» PROBLEM REQUIREMENTS: Below are some entries. Transcribe the lines from the one holding "18/86 Carselgrove Ave, Fitzgibbon QLD 4018" to the one holding "Flat For sale", inclusive, but not the pictures among them.

» RECORDS SHOWN:
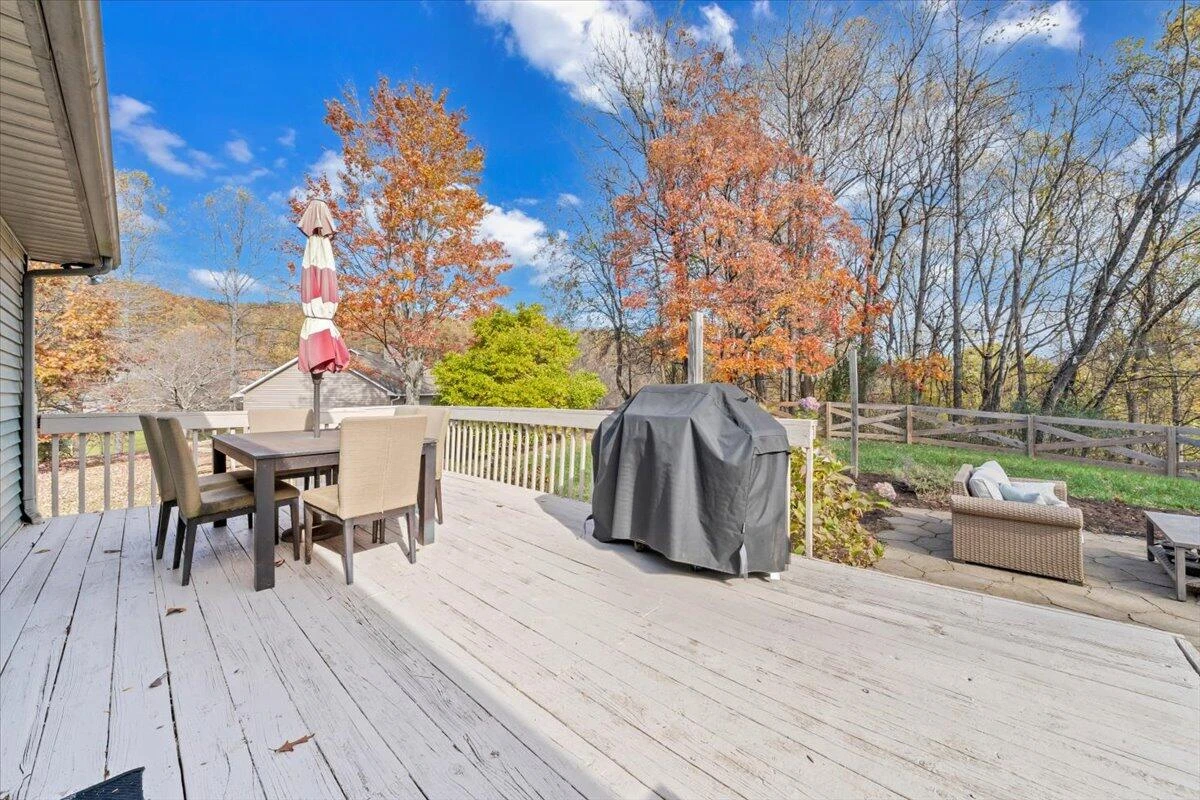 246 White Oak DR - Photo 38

...

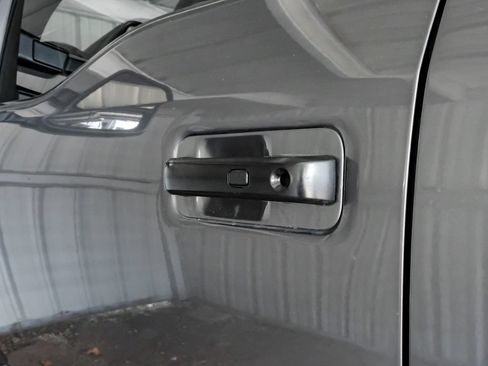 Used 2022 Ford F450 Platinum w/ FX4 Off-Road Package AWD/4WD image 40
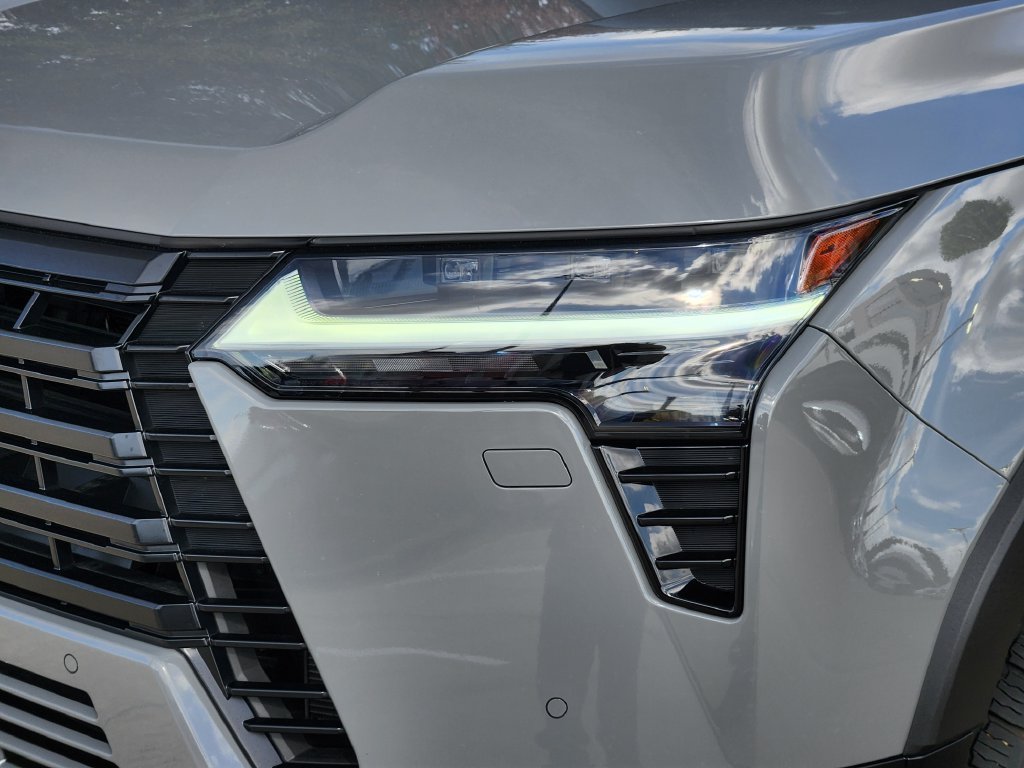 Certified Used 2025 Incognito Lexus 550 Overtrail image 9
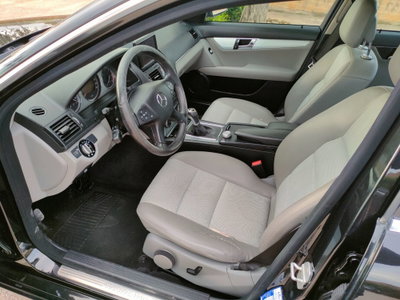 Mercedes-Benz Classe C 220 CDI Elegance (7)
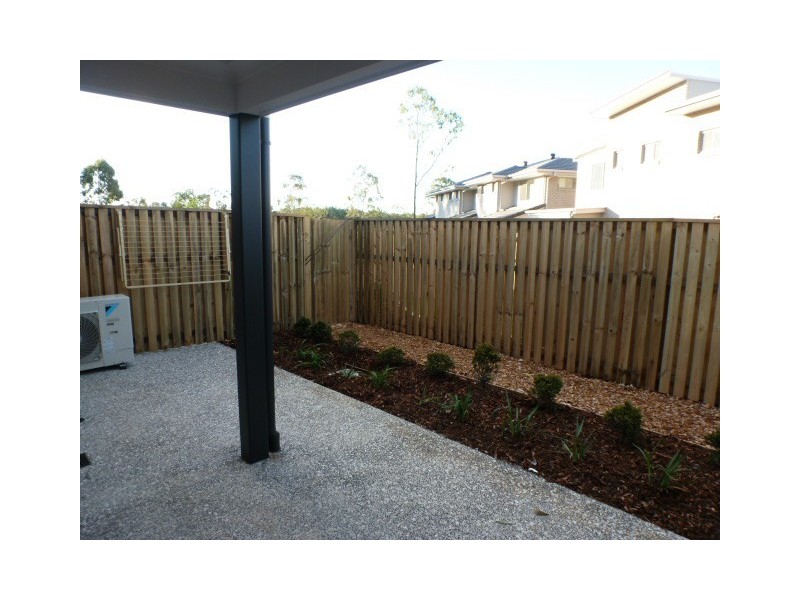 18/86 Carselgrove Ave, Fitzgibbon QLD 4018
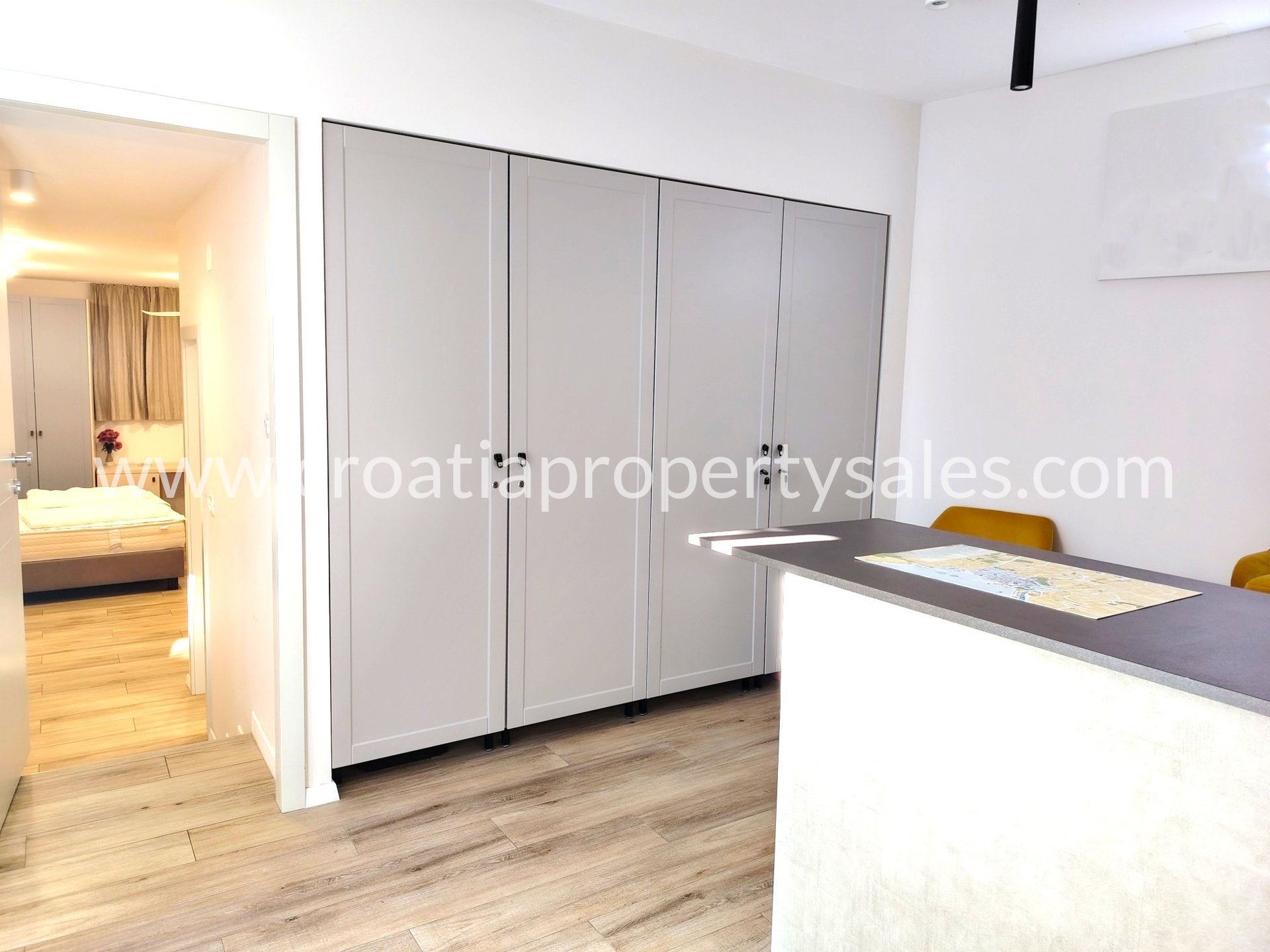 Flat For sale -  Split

--

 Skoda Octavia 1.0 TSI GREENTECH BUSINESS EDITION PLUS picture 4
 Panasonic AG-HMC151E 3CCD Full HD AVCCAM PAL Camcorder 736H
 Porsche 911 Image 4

» WRITTEN ANSWER:
 18/86 Carselgrove Ave, Fitzgibbon QLD 4018
 Flat For sale -  Split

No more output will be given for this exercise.